Hello Ian, Le 20/02/14 20:40, Ian Ozsvald a écrit :
Hi Armin. The point of the question was not to remove numpy but to understand the behaviour :-) I've already done a set of benchmarks with lists and with numpy, I've copied the results below. I'm using the same Julia code throughout (there's a note about the code below). PyPy on lists is indeed very compelling.
One observation I've made of beginners (and I did the same) is that iterating over numpy arrays seems natural until you learn it is horribly slow. The you learn to vectorise. Some of the current tools handle the non-vectorised case really well and that's something I want to mention.
For Julia I've used lists and numpy. Using a numpy list rather than an `array` makes sense as arrays won't hold a complex type (and messing with decomposing the complex elements into two arrays gets even sillier) and the example is still trivial for a reader to understand. numpy arrays (and Python arrays) are good because they use much less RAM than big lists. The reason why my example code above made lists and then turned them into numpy arrays...that's because I was lazy and hadn't finished tidying this demo (my bad!).

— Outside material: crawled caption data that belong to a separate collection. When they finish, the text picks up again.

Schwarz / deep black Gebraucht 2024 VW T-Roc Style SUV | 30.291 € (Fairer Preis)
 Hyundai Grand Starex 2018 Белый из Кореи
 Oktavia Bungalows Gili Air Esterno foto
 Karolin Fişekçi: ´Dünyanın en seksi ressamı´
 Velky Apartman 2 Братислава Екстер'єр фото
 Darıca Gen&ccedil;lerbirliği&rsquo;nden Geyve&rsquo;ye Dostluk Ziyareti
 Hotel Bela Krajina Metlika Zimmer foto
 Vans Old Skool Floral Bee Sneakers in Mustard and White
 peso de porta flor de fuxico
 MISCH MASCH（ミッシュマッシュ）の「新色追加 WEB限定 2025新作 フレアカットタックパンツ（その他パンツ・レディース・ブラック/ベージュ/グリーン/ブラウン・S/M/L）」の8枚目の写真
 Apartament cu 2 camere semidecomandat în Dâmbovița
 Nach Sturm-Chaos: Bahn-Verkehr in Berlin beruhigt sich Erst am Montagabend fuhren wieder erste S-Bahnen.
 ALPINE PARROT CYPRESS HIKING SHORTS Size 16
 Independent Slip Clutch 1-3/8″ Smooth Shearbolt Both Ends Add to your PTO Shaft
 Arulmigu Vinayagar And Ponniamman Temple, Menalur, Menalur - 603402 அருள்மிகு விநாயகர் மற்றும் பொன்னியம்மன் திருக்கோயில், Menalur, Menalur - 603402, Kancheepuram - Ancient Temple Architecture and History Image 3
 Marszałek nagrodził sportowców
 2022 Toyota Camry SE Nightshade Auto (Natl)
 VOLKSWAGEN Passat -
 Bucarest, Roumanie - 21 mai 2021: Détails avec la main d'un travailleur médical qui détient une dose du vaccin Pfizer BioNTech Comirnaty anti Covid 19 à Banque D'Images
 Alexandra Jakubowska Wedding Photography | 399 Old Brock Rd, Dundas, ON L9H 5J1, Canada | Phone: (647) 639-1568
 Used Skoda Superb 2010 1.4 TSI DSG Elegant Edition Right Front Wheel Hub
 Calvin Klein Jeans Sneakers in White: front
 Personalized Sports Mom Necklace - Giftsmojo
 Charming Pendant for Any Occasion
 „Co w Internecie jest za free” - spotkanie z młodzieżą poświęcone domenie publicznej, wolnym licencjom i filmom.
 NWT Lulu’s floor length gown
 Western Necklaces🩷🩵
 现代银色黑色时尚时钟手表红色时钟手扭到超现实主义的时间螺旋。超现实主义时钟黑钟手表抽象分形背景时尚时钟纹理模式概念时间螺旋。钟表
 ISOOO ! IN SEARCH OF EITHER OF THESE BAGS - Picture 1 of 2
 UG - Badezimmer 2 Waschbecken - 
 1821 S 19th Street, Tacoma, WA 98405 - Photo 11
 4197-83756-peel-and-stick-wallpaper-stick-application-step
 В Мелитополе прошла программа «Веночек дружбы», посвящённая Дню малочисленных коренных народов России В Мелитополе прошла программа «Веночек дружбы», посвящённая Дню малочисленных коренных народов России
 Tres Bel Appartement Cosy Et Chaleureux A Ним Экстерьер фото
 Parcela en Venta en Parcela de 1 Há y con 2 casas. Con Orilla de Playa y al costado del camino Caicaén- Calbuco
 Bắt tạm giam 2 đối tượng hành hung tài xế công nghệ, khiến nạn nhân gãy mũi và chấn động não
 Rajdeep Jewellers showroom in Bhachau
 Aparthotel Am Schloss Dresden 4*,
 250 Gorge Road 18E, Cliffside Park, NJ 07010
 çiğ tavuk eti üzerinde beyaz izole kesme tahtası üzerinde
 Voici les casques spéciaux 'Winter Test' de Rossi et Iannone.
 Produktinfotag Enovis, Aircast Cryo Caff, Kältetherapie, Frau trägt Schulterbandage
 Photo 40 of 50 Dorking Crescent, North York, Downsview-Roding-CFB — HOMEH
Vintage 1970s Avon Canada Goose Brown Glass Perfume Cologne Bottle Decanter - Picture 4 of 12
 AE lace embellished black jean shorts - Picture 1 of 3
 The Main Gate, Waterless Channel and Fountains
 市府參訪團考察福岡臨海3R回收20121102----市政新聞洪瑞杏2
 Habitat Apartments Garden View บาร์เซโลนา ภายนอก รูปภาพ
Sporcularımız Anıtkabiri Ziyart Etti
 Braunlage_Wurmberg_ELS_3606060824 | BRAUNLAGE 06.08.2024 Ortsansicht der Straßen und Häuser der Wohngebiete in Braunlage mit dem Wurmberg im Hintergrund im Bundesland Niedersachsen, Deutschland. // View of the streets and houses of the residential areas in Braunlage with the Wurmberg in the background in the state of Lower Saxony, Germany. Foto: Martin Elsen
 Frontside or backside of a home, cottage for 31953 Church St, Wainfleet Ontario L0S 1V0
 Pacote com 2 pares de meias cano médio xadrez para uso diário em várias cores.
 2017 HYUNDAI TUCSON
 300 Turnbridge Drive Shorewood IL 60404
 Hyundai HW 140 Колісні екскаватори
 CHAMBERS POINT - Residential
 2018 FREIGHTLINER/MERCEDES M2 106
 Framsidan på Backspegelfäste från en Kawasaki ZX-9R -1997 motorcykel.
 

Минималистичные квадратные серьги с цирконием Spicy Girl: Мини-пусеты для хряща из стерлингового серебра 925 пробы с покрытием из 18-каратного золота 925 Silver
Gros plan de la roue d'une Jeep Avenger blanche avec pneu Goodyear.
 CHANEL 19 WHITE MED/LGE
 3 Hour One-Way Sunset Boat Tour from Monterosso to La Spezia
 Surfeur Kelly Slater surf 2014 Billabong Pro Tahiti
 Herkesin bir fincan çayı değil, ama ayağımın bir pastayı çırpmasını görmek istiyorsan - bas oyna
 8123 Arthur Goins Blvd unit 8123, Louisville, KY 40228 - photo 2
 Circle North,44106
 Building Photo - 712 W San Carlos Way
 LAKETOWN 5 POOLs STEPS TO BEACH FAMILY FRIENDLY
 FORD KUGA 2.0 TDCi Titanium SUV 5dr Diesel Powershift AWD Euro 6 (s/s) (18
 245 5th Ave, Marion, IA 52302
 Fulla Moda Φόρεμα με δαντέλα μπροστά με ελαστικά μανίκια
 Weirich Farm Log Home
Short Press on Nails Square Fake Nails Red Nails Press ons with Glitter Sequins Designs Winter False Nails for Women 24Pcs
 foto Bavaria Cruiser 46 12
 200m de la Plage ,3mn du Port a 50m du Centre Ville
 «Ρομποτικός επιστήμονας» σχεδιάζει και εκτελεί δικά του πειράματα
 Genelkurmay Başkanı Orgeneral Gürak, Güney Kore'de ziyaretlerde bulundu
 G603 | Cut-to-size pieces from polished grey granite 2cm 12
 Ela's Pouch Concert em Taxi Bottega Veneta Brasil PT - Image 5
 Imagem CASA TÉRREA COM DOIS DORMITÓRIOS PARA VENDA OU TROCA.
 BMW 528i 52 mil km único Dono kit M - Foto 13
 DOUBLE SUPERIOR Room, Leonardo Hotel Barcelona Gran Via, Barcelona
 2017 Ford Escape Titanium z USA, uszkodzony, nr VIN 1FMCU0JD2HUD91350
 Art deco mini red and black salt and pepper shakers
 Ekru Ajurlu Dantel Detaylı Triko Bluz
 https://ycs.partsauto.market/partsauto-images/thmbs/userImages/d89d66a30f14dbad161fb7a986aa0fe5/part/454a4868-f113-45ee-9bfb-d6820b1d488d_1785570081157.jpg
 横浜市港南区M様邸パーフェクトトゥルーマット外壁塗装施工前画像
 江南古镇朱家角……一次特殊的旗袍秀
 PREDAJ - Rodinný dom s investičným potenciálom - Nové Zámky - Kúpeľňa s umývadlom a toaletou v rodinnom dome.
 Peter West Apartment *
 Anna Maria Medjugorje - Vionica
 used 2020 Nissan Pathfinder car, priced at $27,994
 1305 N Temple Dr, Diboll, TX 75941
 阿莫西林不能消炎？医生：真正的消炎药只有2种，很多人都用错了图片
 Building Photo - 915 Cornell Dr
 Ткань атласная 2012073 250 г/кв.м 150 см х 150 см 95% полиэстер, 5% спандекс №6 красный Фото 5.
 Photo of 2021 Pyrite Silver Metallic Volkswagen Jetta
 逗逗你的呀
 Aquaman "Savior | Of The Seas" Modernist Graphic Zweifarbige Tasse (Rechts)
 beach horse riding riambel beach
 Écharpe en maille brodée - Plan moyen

I agree that your code looks rather sensible (at least, to people who haven't internalised yet all the "stupid" implementation details concerning arrays, lists, iteration and vectorisation). So it's a bit of a shame that PyPy doesn't do better.
I don't mind that my use of numpy is silly, I'm just curious to understand why pypynumpy diverges from the results of the other compiler technologies. The simple answer might be 'because pypynumpy is young' and that'd be fine - at least I'd have an answer if someone asks the question in my talk. If someone has more details, that'd be really interesting too. Is there a fundamental reason why pypynumpy couldn't do the example as fast as cython/numba/pythran?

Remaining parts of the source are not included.